= Carlos Sommervogel =

French scholar (1834–1902)

Carlos Sommervogel (8 January 1834 - 4 March 1902) was a French Jesuit scholar. He was author of the monumental Bibliothèque de la Compagnie de Jésus, which served as one of the major references for the editors of the Catholic Encyclopedia.

==Life==
Born in Strasbourg, Sommervogel, was the fourth son of Marie-Maximillian-Joseph Sommervogel and Hortense Blanchard. After studying at the lycée of Strasbourg, he entered the Jesuit novitiate at Issenheim, Alsace, 2 February 1853, and was sent later to the College of Saint-Acheul, Amiens, to complete his literary studies.

In 1856, he was appointed assistant prefect of discipline and sub-librarian in the College of the Immaculate Conception, Rue Vaugirard, Paris. Here he discovered his literary vocation. The Bibliothèque des écrivains de la Compagnie de Jésus of Augustin and Aloys de Backer was then in course of publication. Sommervogel, noting its occasional errors and omissions, made a systematic examination of the whole work.

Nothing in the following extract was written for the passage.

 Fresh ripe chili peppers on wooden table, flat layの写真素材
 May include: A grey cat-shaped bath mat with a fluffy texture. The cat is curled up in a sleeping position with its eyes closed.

Four years later, Augustin de Backer, seeing his list of addenda and errata, a manuscript of 800 pages, containing over 10,000 entries, obtained leave to make use of it. Sommervogel continued at Rue Vaugirard until 1865, continuing his course of philosophy meanwhile.

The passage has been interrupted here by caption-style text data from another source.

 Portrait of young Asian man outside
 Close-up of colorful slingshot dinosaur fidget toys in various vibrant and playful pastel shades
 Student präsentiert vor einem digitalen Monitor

He then studied theology at Amiens, where he was ordained in September 1866. From 1867 until 1879 he was one of the staff on the Jesuit publication Études, being managing editor from 1871 to 1879. During the Franco-Prussian War he served as chaplain in Faidherbe's army, and was decorated in 1871 with a bronze medal for his self-sacrifice.

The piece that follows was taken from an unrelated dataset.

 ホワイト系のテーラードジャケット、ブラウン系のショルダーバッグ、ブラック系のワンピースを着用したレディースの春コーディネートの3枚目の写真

Aloys de Backer in the revised edition of his Bibliothèque (1869–1876) gave Sommervogel's name as co-author, due to the latter's significant contributions.

From 1880 to 1882 Sommervogel was assistant to his provincial superior.

Sommervogel died in Paris in 1902.

== Works ==

Before 1882 he had never had any special opportunity of pursuing his study; all his bibliographical work had been done in his spare moments. In 1884 he published his Dictionnaire des ouvrages anonymes et pseudonymes publiés par des religieux de la Compagnie de Jésus. In 1885 he was appointed successor to the de Backers and went to Louvain. He determined to recast and enlarge their work and after five years issued the first volume of the first part (Brussels and Paris, 1890); by 1900 the ninth volume had appeared; the tenth, an index of the first nine, which comprised the bibliographic part of the Bibliothèque was unfinished at the time of his death but was later completed by Joseph Brucker, from which these details were drawn.

Sommervogel had intended to compile a second, or historical, part of his work, which was to be a revision of Auguste Carayon's Bibliographie historique. He was a man of exemplary virtue, giving freely to all the fruit of his devoted labours, and content to live for years a busy obscure life to which duty called him, until his superiors directed him to devote himself to his favorite study during the last fifteen years of his life. He re-edited a number of works by old writers of the Society of Jesus and, in addition to his articles in the Études, wrote Table methodique des Mémoires de Trévoux (3 vols., 1885) and Moniteur bibliographique de la Compagnie de Jésus (1894-1901).